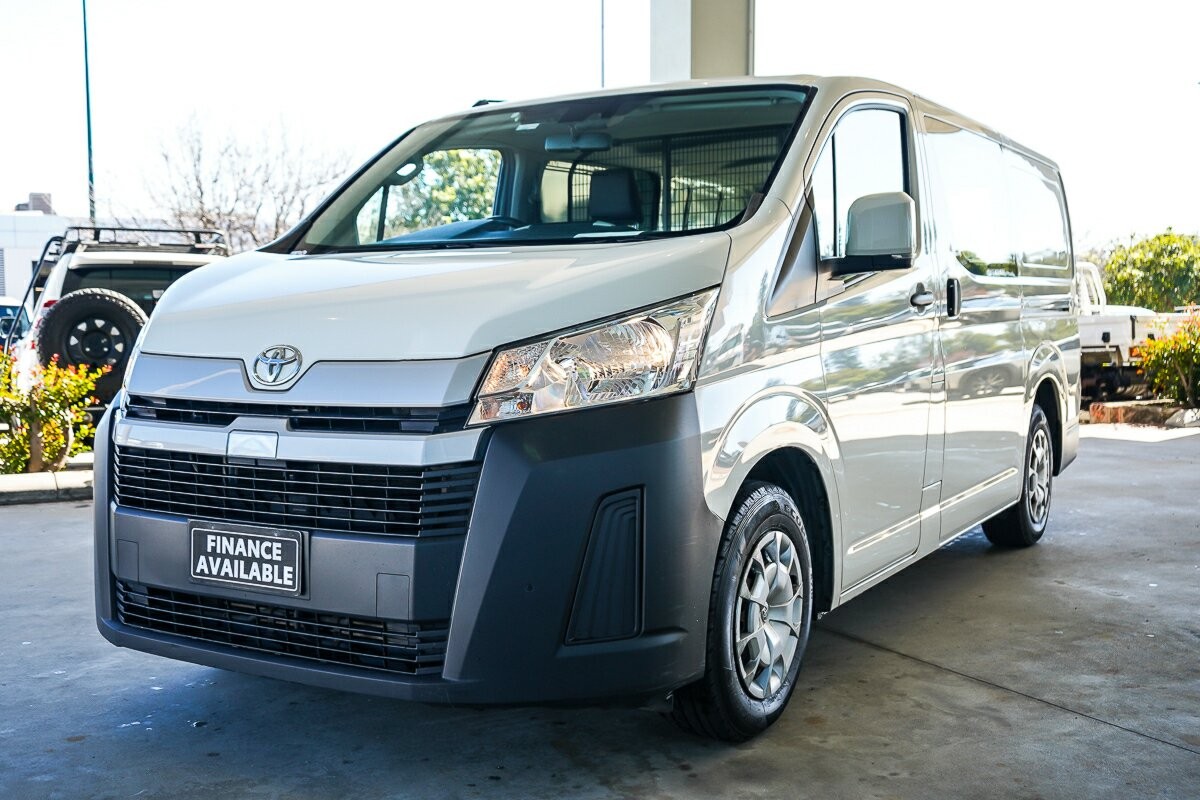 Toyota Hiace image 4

⁂

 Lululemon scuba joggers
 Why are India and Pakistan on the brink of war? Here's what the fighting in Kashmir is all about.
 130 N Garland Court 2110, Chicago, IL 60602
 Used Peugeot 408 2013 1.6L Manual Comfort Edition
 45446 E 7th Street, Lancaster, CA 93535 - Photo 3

⁂

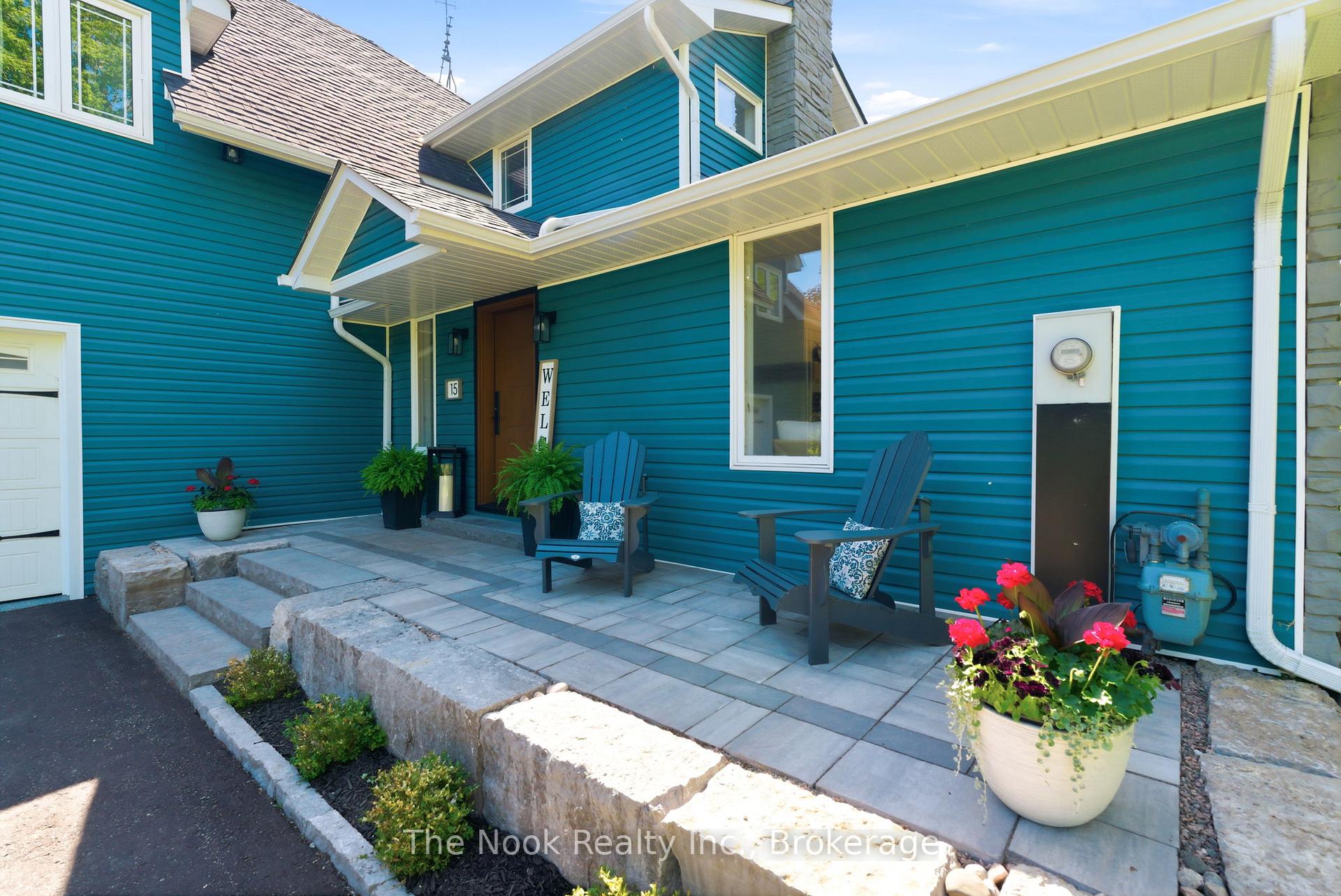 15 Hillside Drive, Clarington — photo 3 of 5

⁂

* [AIM OF THE TASK] Look above for the line holding "130 N Garland Court 2110, Chicago, IL 60602" and the line holding "45446 E 7th", then output exactly those two lines and every line between them, nothing more.

* [YOUR RESPONSE]
 130 N Garland Court 2110, Chicago, IL 60602
 Used Peugeot 408 2013 1.6L Manual Comfort Edition
 45446 E 7th Street, Lancaster, CA 93535 - Photo 3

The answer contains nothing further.